Repeat the listing exactly. The images do not belong in the copy.

*** Opening SUPPLIED MATERIAL ***

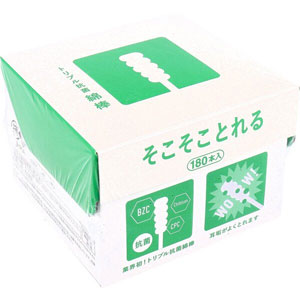 トリプル抗菌綿棒そこそことれる180本入×10個 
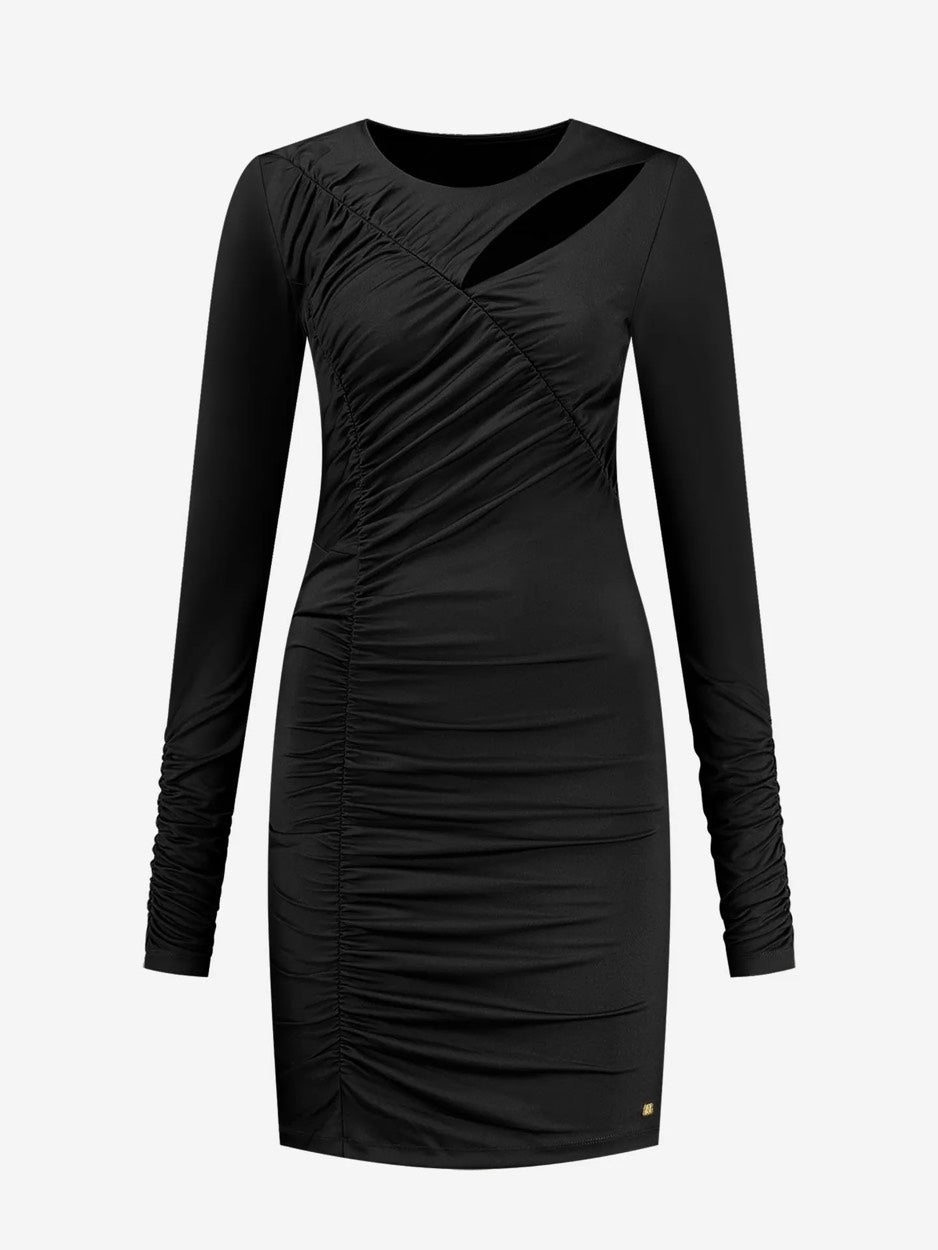 Nikkie N 5-577 2401 zwarte jurk kort dames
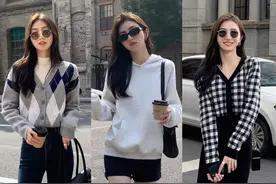 服了韩国姑娘的“时尚感”，27套穿搭可咸可甜，基础款也能这么美图片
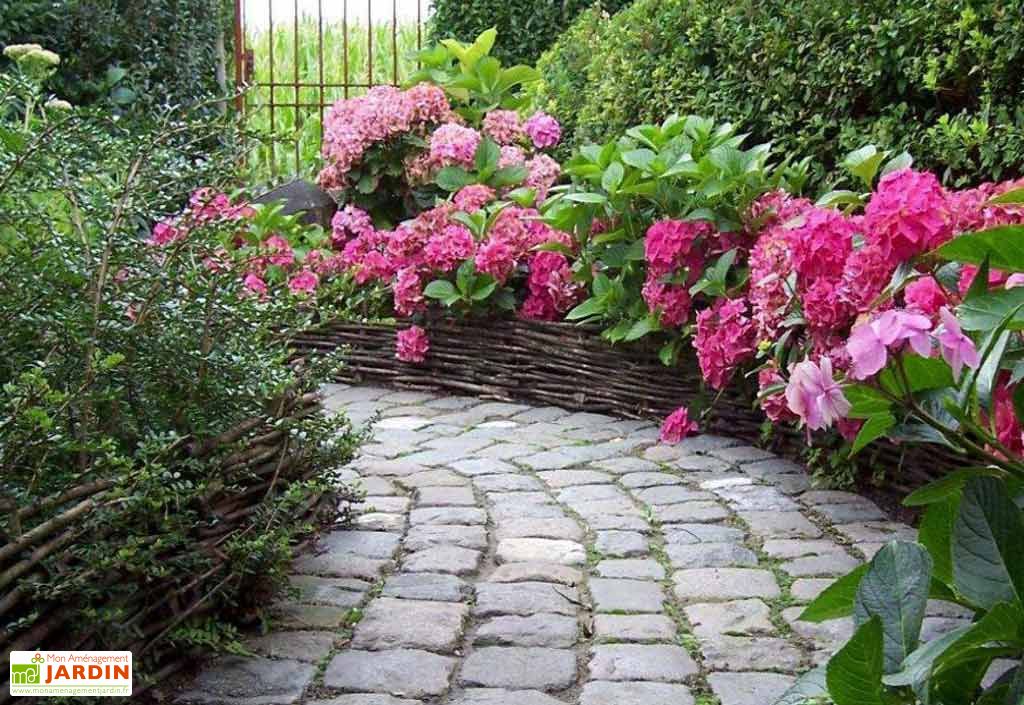 Bordures En Noisetier Tressage Horizontal Willow 200x25cm Lot De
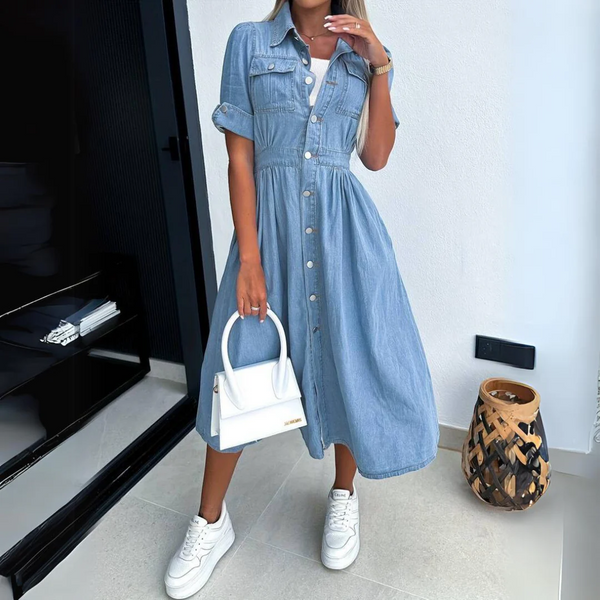 Britt™ Tijdloze Denim-Elegantie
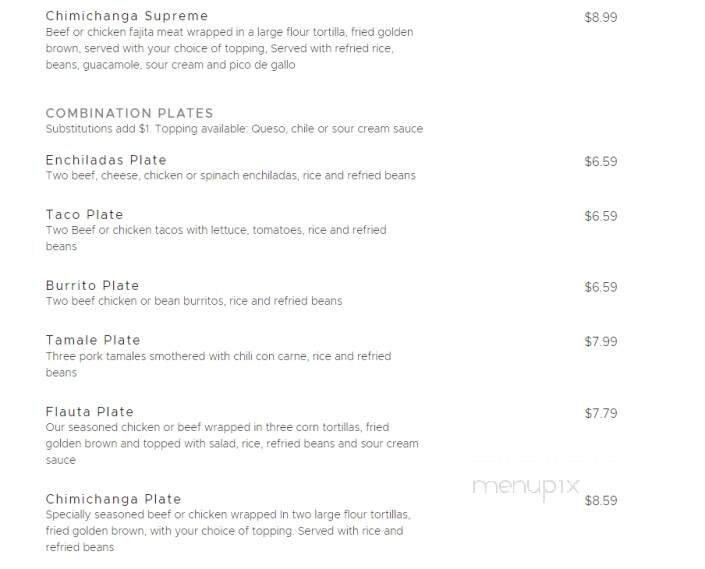 Poblano's Mexican Cafe - Nashville, AR menu_pic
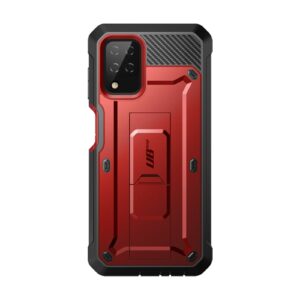 SUPCASE 360° Backcover Met Screen Protector Samsung Galaxy A12 - Rood 8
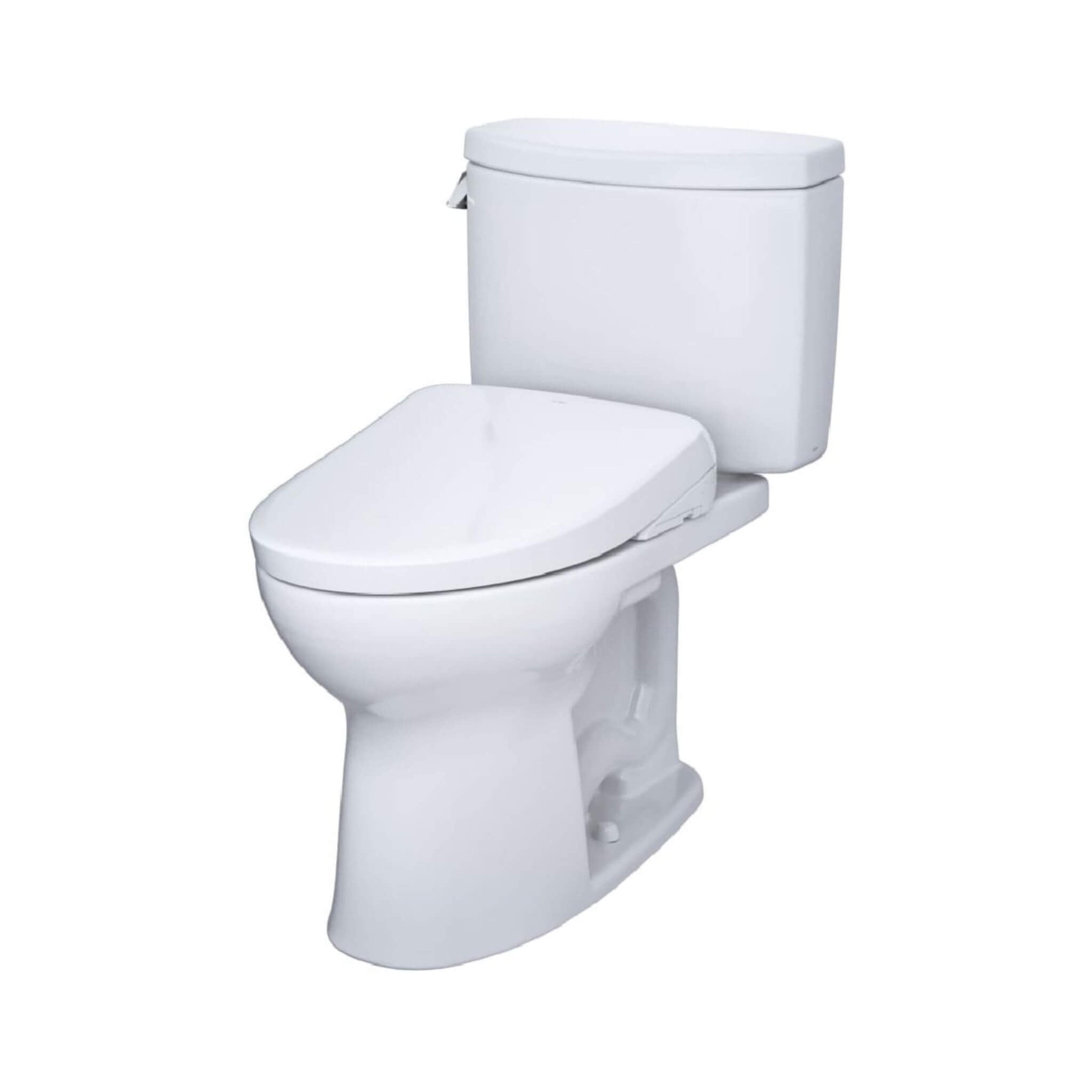 [MW4544726CEFG#01] TOTO Drake II 1.28 GPF Elongated Chair Height Toilet With Washlet S7 Bidet Seat (SAK29654)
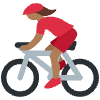 Woman Biking Medium Dark Skin Tone Element from Twemoji Emoji Set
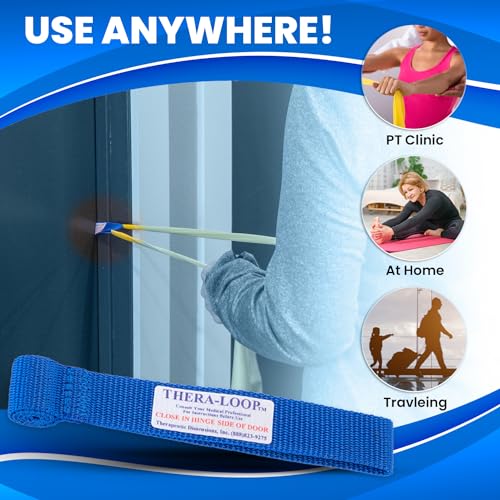 Resistance Bands & Tubing Door Anchors Pack of 50 - Blue, Non-Slip, Multi-Purpose Exercise Equipment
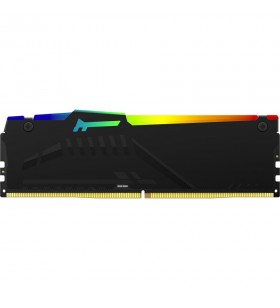 Memorie Kingston FURY Beast RGB Black 16GB DDR5 6000MHz CL40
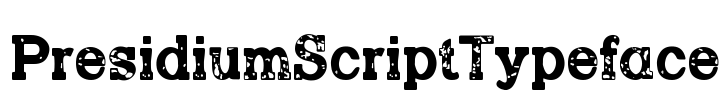 PresidiumScriptTypeface Font Image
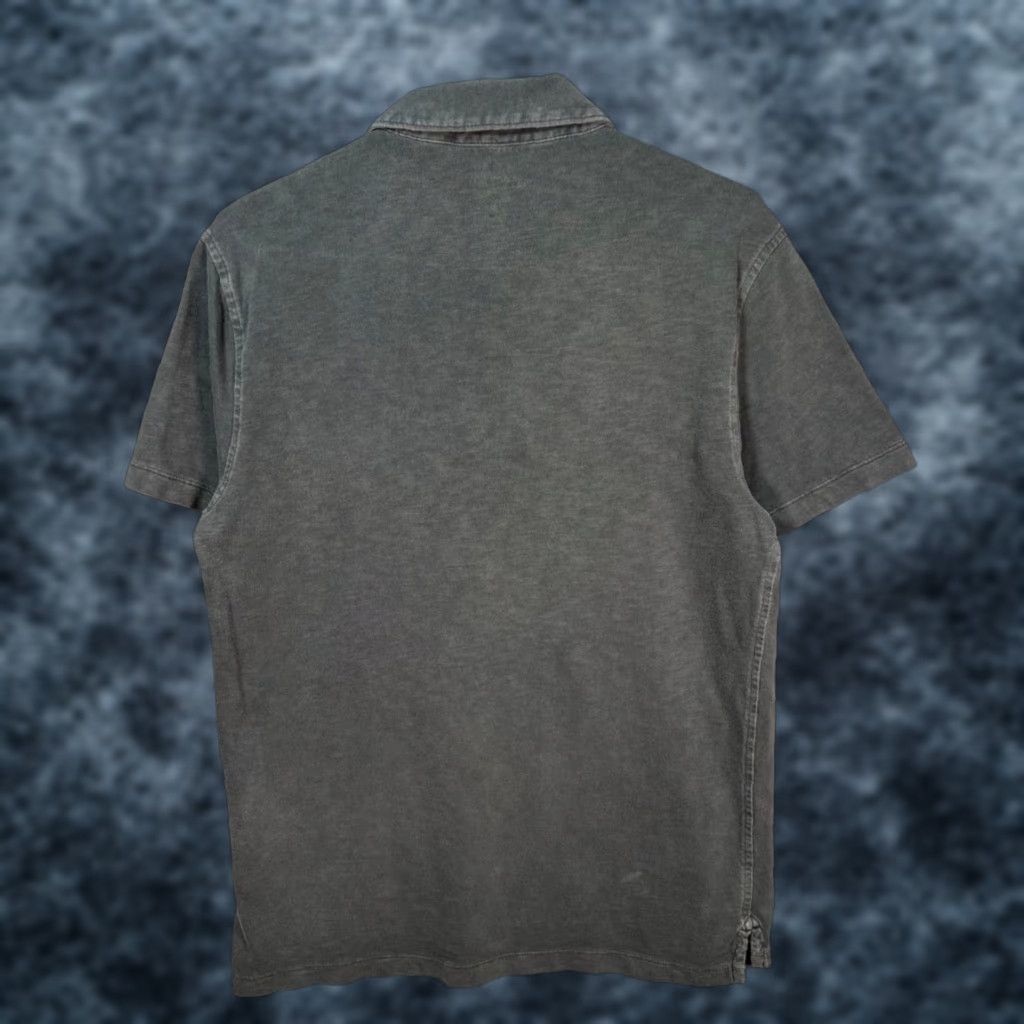 J.Crew J.CREW Polo Shirt Mens Size M 100% Cotton Gray Short Sleeve Garment-Dyed Slim Fit Button-Front Knit Vintage: No Size US M / EU 48-50 / 2 - 1 Thumbnail
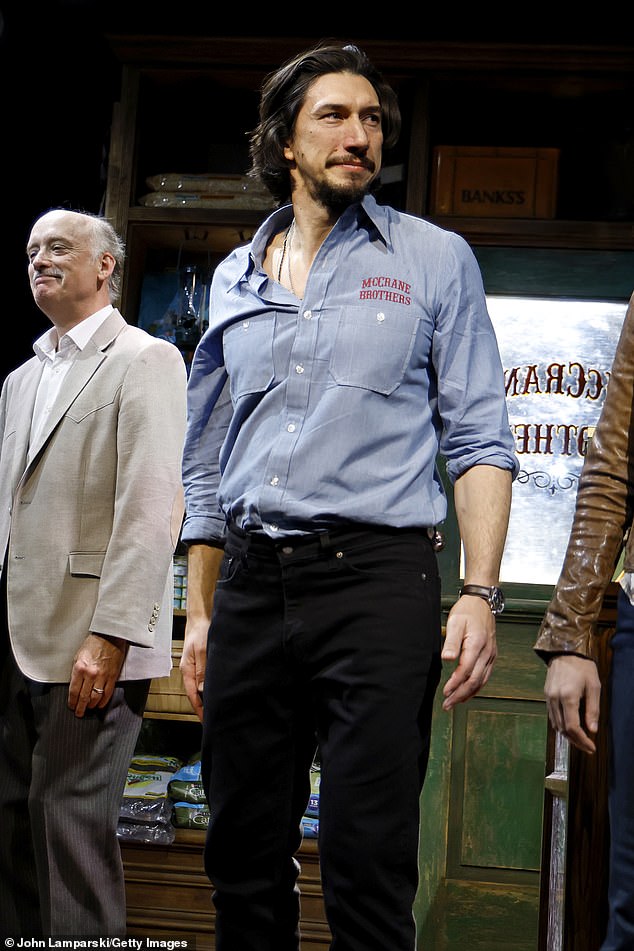 Adam Driver plays country music icon Strings McCrane, who finds himself at a crossroads after the death of his mother, in Kenneth Lonergan's tragicomedy that runs until December 22.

*** Closing SUPPLIED MATERIAL ***

**TASK ANSWER**
 トリプル抗菌綿棒そこそことれる180本入×10個 
 Nikkie N 5-577 2401 zwarte jurk kort dames
 服了韩国姑娘的“时尚感”，27套穿搭可咸可甜，基础款也能这么美图片
 Bordures En Noisetier Tressage Horizontal Willow 200x25cm Lot De
 Britt™ Tijdloze Denim-Elegantie
 Poblano's Mexican Cafe - Nashville, AR menu_pic
 SUPCASE 360° Backcover Met Screen Protector Samsung Galaxy A12 - Rood 8
 [MW4544726CEFG#01] TOTO Drake II 1.28 GPF Elongated Chair Height Toilet With Washlet S7 Bidet Seat (SAK29654)
 Woman Biking Medium Dark Skin Tone Element from Twemoji Emoji Set
 Resistance Bands & Tubing Door Anchors Pack of 50 - Blue, Non-Slip, Multi-Purpose Exercise Equipment
 Memorie Kingston FURY Beast RGB Black 16GB DDR5 6000MHz CL40
 PresidiumScriptTypeface Font Image
 J.Crew J.CREW Polo Shirt Mens Size M 100% Cotton Gray Short Sleeve Garment-Dyed Slim Fit Button-Front Knit Vintage: No Size US M / EU 48-50 / 2 - 1 Thumbnail
 Adam Driver plays country music icon Strings McCrane, who finds himself at a crossroads after the death of his mother, in Kenneth Lonergan's tragicomedy that runs until December 22.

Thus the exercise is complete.